### [Work to complete]
Repeat the records verbatim and leave the pictures out of your copy.

== Segment start ==

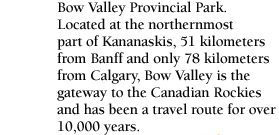 Bow Valley Provincial Park located in Kananaskis Country 51km from Banff and 78km from Calgary.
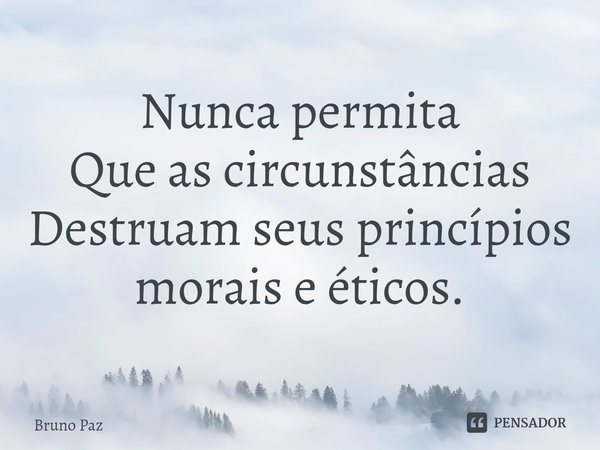 ⁠Nunca permita Que as circunstâncias Destruam seus princípios morais e éticos.... Frase de Bruno paz.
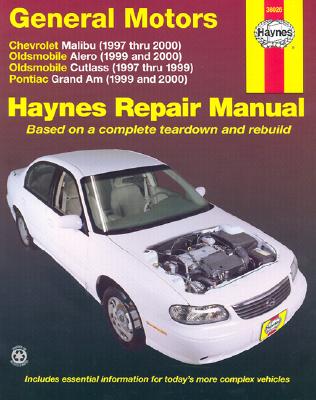 Chevrolet Malibu/Oldsmobile Alero and Cutlass/Pontiac Grand Am Automotive Repair Manual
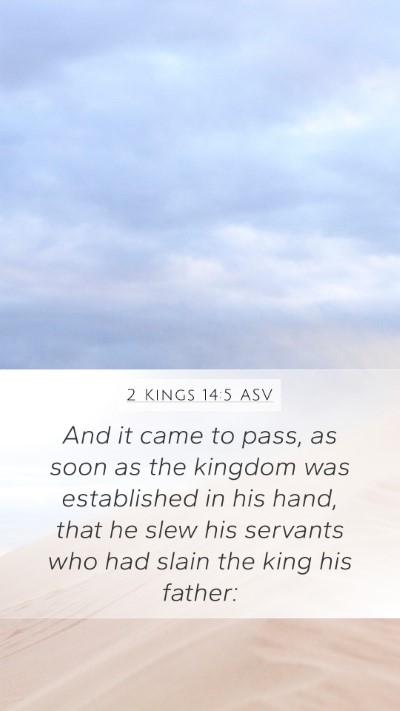 2 Kings 14:5 ASV Mobile Phone Wallpaper - And it came to pass, as soon as the kingdom was - Mobile Bible Verse Wallpaper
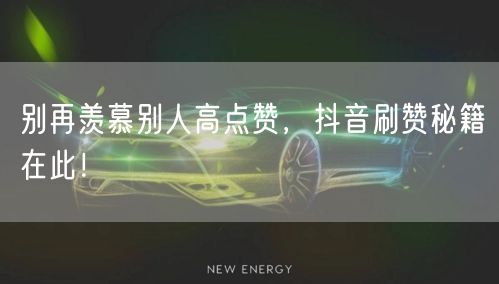 别再羡慕别人高点赞，抖音刷赞秘籍在此！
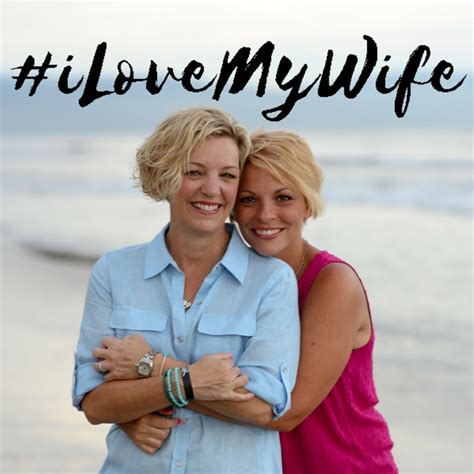 I Love My Wife Podcast By Kelli Carpenter And Anne Steele On Apple Podcasts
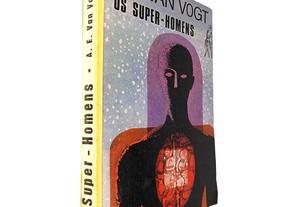 Os Super-Homens - A. E. Van Vogt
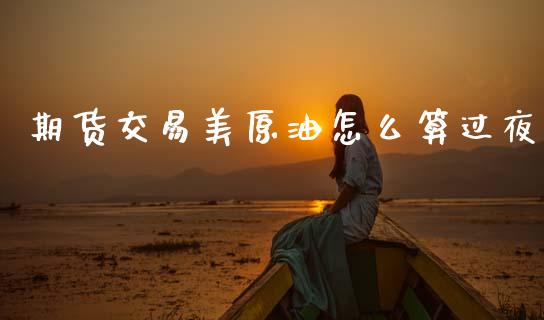 期货交易美原油怎么算过夜_https://www.yunyouns.com_期货直播_第1张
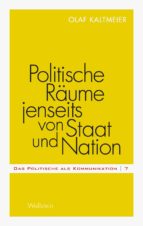 politische räume jenseits von staat und nation (ebook)-olaf kaltmeier-9783835322721 politische räume jenseits von staat und nation (ebook)-olaf kaltmeier-9783835322721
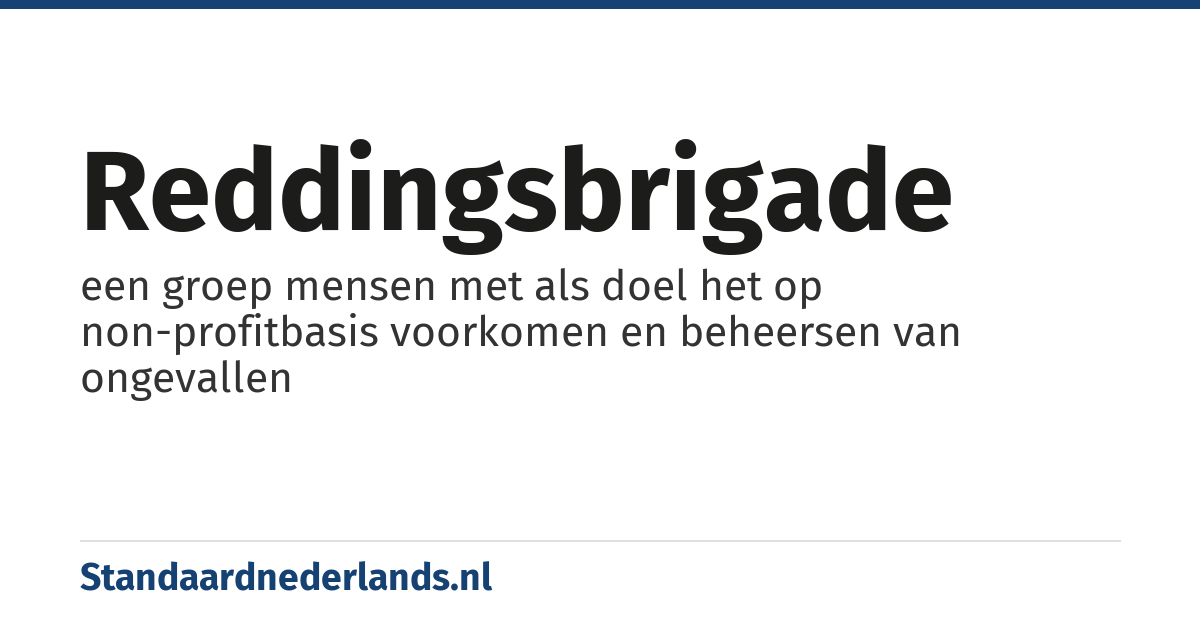 reddingsbrigade: een groep mensen met als doel het op non-profitbasis voorkomen en beheersen van ongevallen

== Segment end ==

### [Reply]
 Bow Valley Provincial Park located in Kananaskis Country 51km from Banff and 78km from Calgary.
 ⁠Nunca permita Que as circunstâncias Destruam seus princípios morais e éticos.... Frase de Bruno paz.
 Chevrolet Malibu/Oldsmobile Alero and Cutlass/Pontiac Grand Am Automotive Repair Manual
 2 Kings 14:5 ASV Mobile Phone Wallpaper - And it came to pass, as soon as the kingdom was - Mobile Bible Verse Wallpaper
 别再羡慕别人高点赞，抖音刷赞秘籍在此！
 I Love My Wife Podcast By Kelli Carpenter And Anne Steele On Apple Podcasts
 Os Super-Homens - A. E. Van Vogt
 期货交易美原油怎么算过夜_https://www.yunyouns.com_期货直播_第1张
 politische räume jenseits von staat und nation (ebook)-olaf kaltmeier-9783835322721 politische räume jenseits von staat und nation (ebook)-olaf kaltmeier-9783835322721
 reddingsbrigade: een groep mensen met als doel het op non-profitbasis voorkomen en beheersen van ongevallen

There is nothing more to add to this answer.